▸ **Saved data entries**
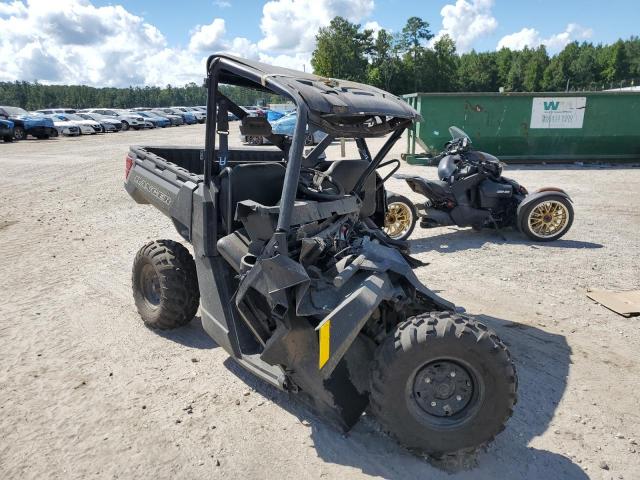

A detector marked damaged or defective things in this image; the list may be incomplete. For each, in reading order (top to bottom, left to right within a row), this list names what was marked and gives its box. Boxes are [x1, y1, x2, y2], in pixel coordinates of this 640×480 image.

damaged polaris ranger [126, 54, 520, 460]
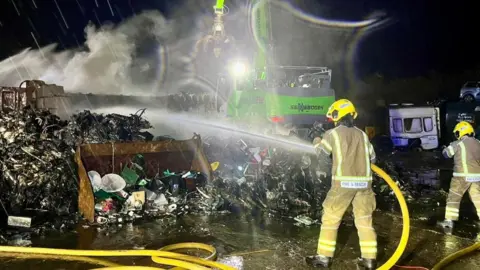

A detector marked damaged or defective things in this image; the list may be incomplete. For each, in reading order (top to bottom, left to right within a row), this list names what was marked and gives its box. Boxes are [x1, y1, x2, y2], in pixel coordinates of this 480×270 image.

rusty skip container [76, 136, 212, 223]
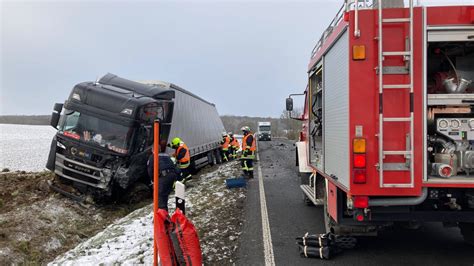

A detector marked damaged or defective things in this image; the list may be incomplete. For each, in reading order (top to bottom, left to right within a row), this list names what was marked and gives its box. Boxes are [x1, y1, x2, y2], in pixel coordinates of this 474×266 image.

crashed semi truck [46, 72, 224, 200]
crashed semi truck [286, 0, 474, 245]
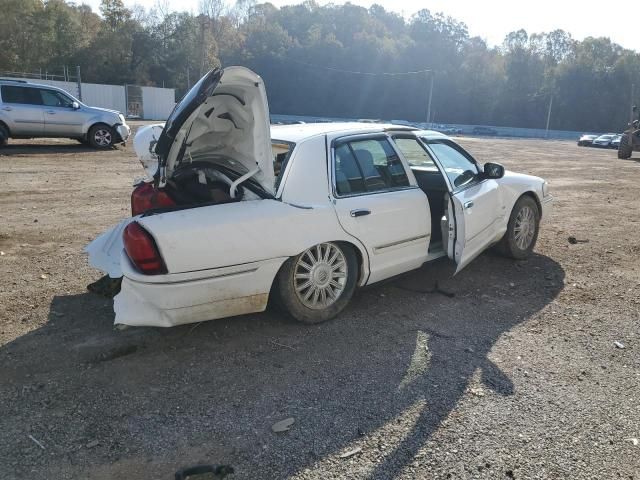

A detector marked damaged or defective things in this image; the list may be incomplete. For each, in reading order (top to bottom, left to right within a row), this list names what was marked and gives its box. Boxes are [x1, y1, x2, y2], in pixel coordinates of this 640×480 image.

damaged white car [87, 66, 552, 326]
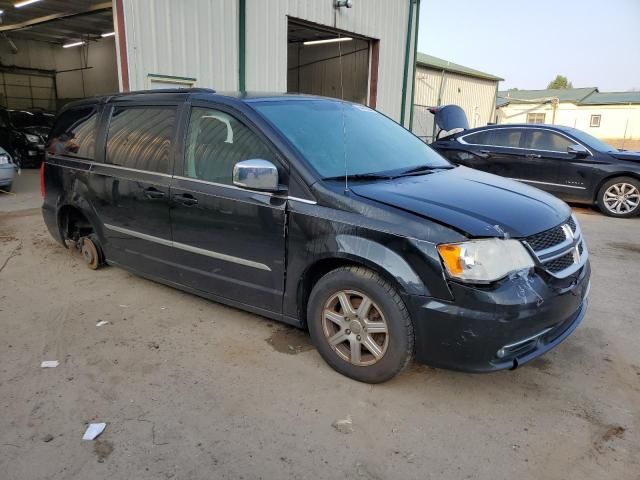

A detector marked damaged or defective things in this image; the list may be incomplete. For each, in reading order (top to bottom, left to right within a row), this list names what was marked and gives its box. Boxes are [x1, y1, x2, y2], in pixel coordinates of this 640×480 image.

rusty wheel [81, 236, 100, 270]
damaged front bumper [408, 260, 592, 374]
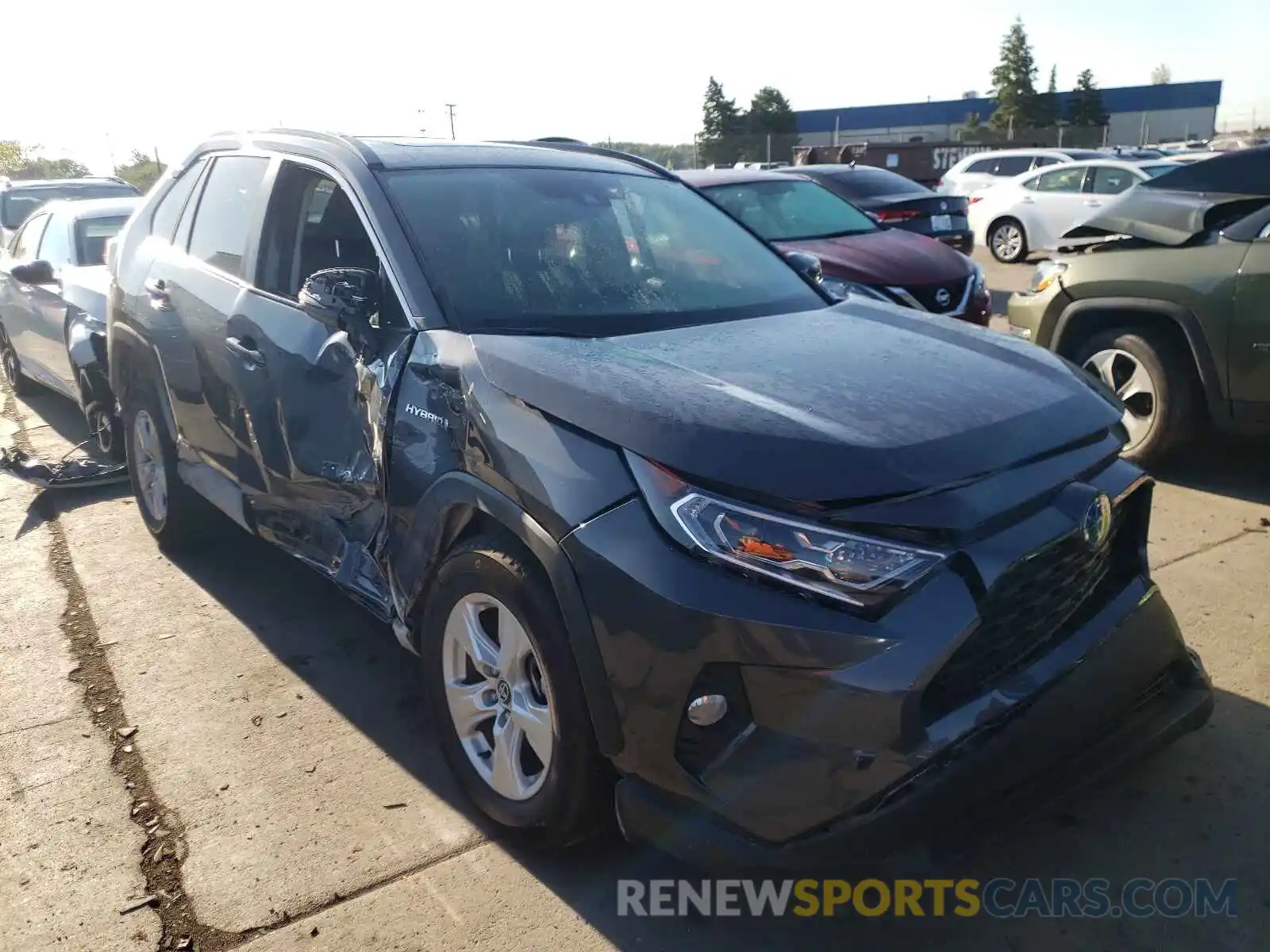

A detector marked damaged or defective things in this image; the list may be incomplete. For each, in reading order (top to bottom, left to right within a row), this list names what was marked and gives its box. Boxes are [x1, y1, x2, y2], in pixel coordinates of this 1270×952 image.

▸ **EXERCISE BRIEF**
Every line above has to be output exactly; the pictures must be dropped.

▸ **RESULT**
A detector marked damaged or defective things in this image; the list may be incomplete. For each, in reading order (top to bottom, left to right within a row), this list names what was marked and gives its box. Boxes are [x1, y1, x2, y2], in pixel coordinates of this 640×480 image.

damaged polaris ranger [126, 54, 520, 460]

A detector marked damaged or defective things in this image; the list may be incomplete. For each, in reading order (top to bottom, left to right within a row), this list names what was marked and gives its box. Boxes are [x1, y1, x2, y2], in pixel coordinates of this 480×270 image.

rusty skip container [76, 136, 212, 223]

A detector marked damaged or defective things in this image; the list may be incomplete. For each, in reading order (top to bottom, left to right within a row), this list names what was marked and gives its box. Boxes are [x1, y1, x2, y2], in pixel coordinates of this 474×266 image.

crashed semi truck [46, 72, 224, 200]
crashed semi truck [286, 0, 474, 245]

A detector marked damaged or defective things in this image; the list may be incomplete. For each, in reading order (top to bottom, left to right within a row), this list names what was marked and gives its box. Boxes are [x1, y1, x2, y2], in pixel coordinates of this 640×480 image.

damaged white car [87, 66, 552, 326]

A detector marked damaged or defective things in this image; the list may be incomplete. For each, in reading order (top to bottom, left to right within a row), this list names what was marked and gives its box. Boxes are [x1, y1, x2, y2], in pixel coordinates of this 640×480 image.

rusty wheel [81, 236, 100, 270]
damaged front bumper [408, 260, 592, 374]

A detector marked damaged or defective things in this image; the list may be incomplete. For each, in reading order (top to bottom, left to right within a row), this list names what was marked and gives its box. Boxes are [x1, y1, x2, y2], in pixel coordinates of this 1270×952 image.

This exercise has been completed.